Name of the remote to create or update in `~/.trussrc`. Defaults to `baseten`.
### Examples
Log in interactively and choose a method when prompted:
```bash theme={"system"}
truss auth login
# or with uvx:
uvx truss auth login
```
You should see:
```
💻 Let's add a Baseten remote!
? How would you like to authenticate?
Paste an API key
> Log in via browser (OAuth)
```
Log in non-interactively with an API key:
```bash theme={"system"}
truss auth login --api-key $BASETEN_API_KEY
# or with uvx:
uvx truss auth login --api-key $BASETEN_API_KEY
```
Log in via browser:
```bash theme={"system"}
truss auth login --browser
# or with uvx:
uvx truss auth login --browser
```
The CLI opens your browser to the verification page with your user code pre-filled. Approve the request, and the CLI automatically stores the OAuth tokens and prints:
```
🔓 Logged in to remote `baseten`.
```
Add a non-default remote (for example, a staging workspace):
```bash theme={"system"}
truss auth login --browser --remote staging
# or with uvx:
uvx truss auth login --browser --remote staging
```
***
## logout
Log out of a Baseten remote and remove it from `~/.trussrc`. For OAuth remotes, this also revokes the refresh token on the backend.
```sh theme={"system"}
truss auth logout [OPTIONS]
```
### Options
Remote name to log out of. Inferred when only one remote is configured.
### Examples
Log out of the only configured remote:
```sh theme={"system"}
truss auth logout
```
Log out of a specific remote:
```sh theme={"system"}
truss auth logout --remote staging
```
You should see:
```
👋 Logged out of remote `staging`.
```
***
## status
Show the active authentication for a remote — the URL it points at, which method it uses, and where the credential is stored.
```sh theme={"system"}
truss auth status [OPTIONS]
```
### Options
Remote name to inspect. Inferred when only one remote is configured.
### Examples
Inspect a remote:
```sh theme={"system"}
truss auth status --remote baseten
```
You should see:
```
remote: baseten
remote_url: https://app.baseten.co
auth_type: api_key
source: keyring
```
The `source` field is one of:
* `keyring`: the credential is stored in the OS keyring.
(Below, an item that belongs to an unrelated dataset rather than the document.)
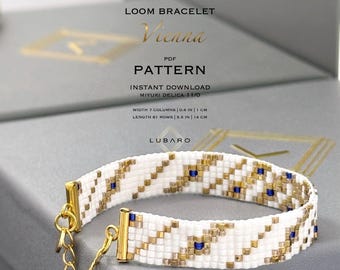 Begginer Beaded Loom Bracelet Pattern: Boho Beige Gold Miyuki Delica (PDF Pattern) - Vienna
* `trussrc-inline`: the credential is stored as plaintext inside `~/.trussrc`.
The `auth_type` field is `api_key`, `oauth`, or `api_key (legacy plaintext)` for entries written by older Truss versions.
***
## Environment variables
API key used as a fallback when the active remote has no credentials in `~/.trussrc`. Recommended for CI/CD, where setting the env var avoids running `truss login` before each job.
Set to `1` to skip the OS keyring and write credentials inline to `~/.trussrc` without printing a warning. Useful in containers and headless environments where no keyring backend is available.